__What the task requires__
A verbatim copy of the full data, with no pictures, is the expected answer.

(Collected data)
========

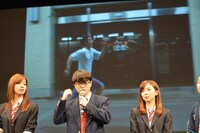 「映画 みんな！エスパーだよ！」完成披露試写会の様子。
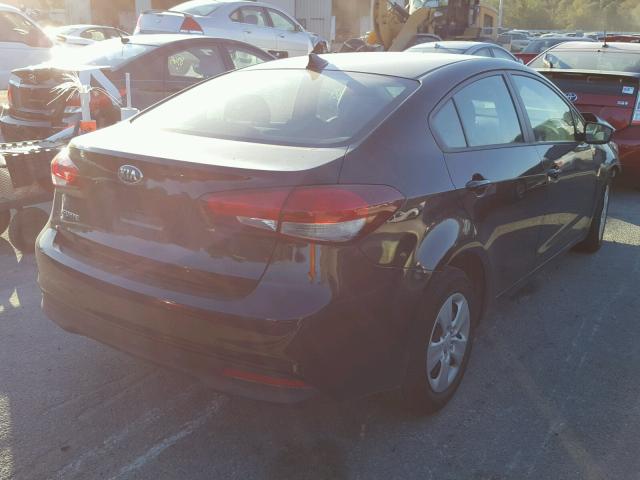 3KPFK4A78HE063423 - 2017 KIA FORTE LX BLACK photo 4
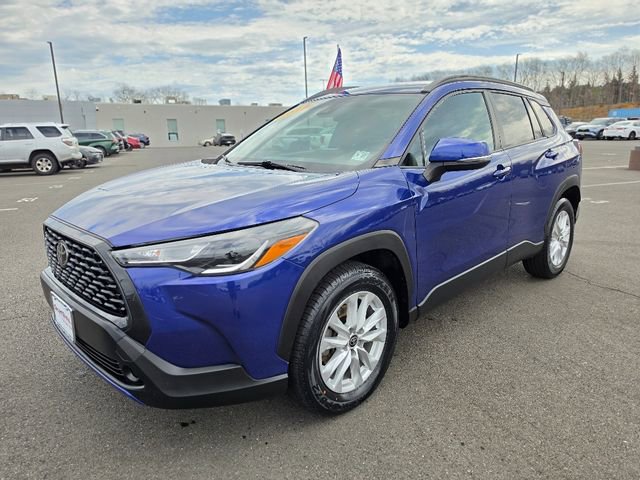 Used 2022 Toyota Corolla Cross LE AWD/4WD image 3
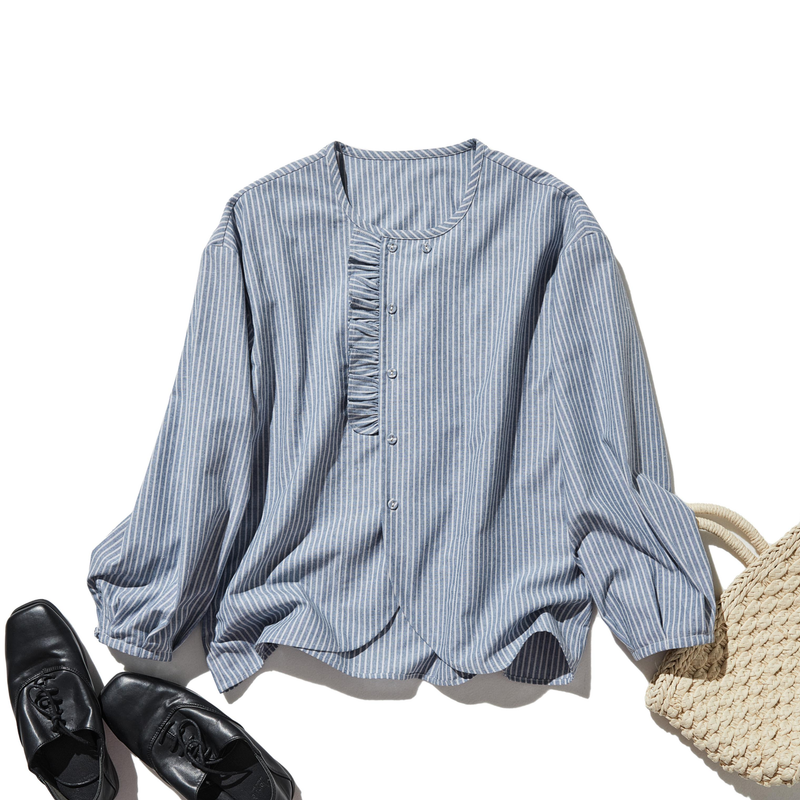 クラシカルなフリルデザインのストライプシャツ　綿麻シャツブラウス　　250419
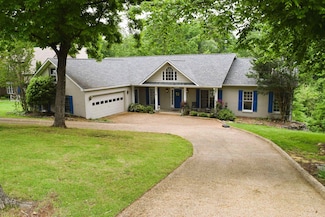 137 Hazelwood Ln, Florence, AL 35634
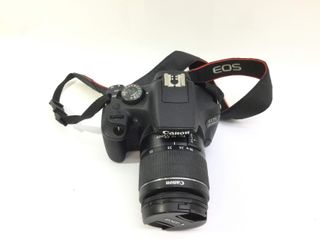 camara digital evil canon eos 2000d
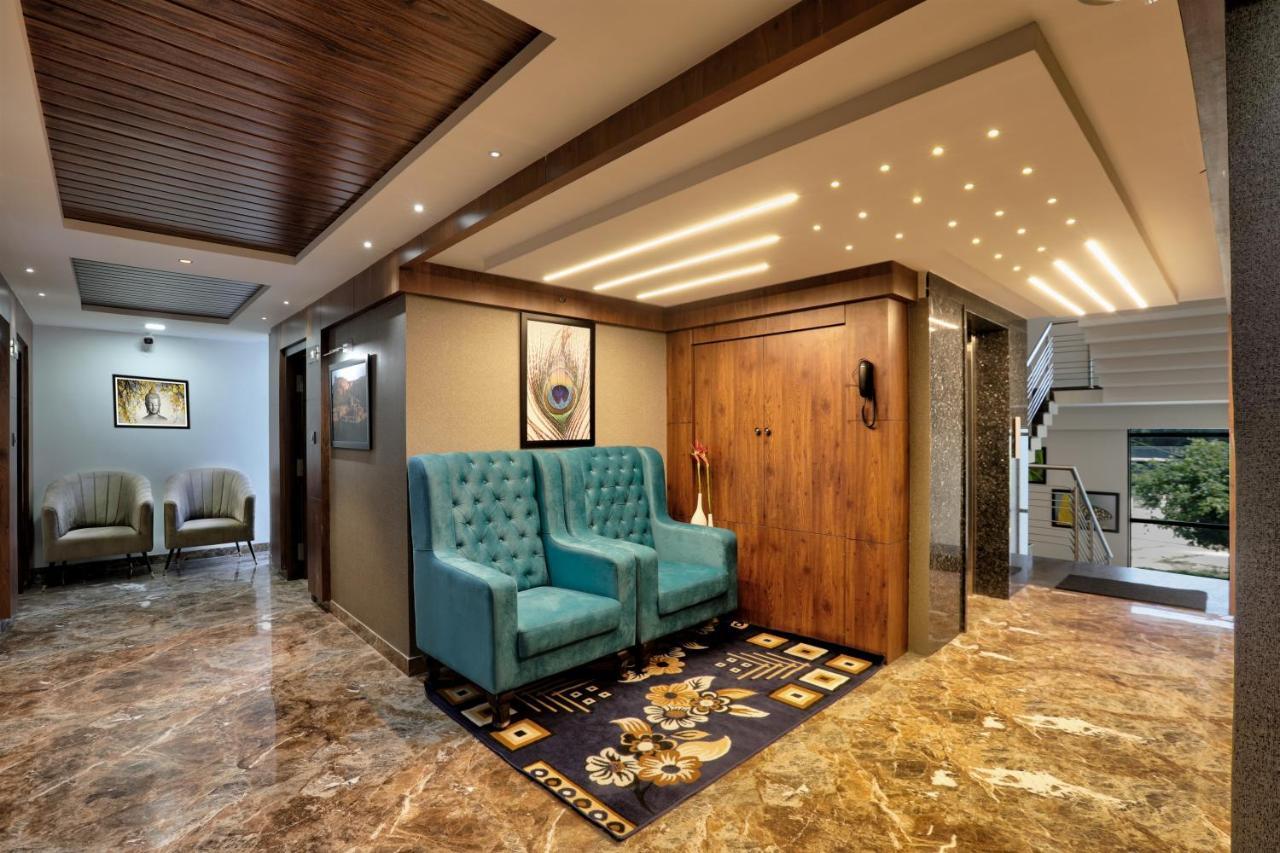 Lexus Hotel Mysore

========

__Completed exercise__
 「映画 みんな！エスパーだよ！」完成披露試写会の様子。
 3KPFK4A78HE063423 - 2017 KIA FORTE LX BLACK photo 4
 Used 2022 Toyota Corolla Cross LE AWD/4WD image 3
 クラシカルなフリルデザインのストライプシャツ　綿麻シャツブラウス　　250419
 137 Hazelwood Ln, Florence, AL 35634
 camara digital evil canon eos 2000d
 Lexus Hotel Mysore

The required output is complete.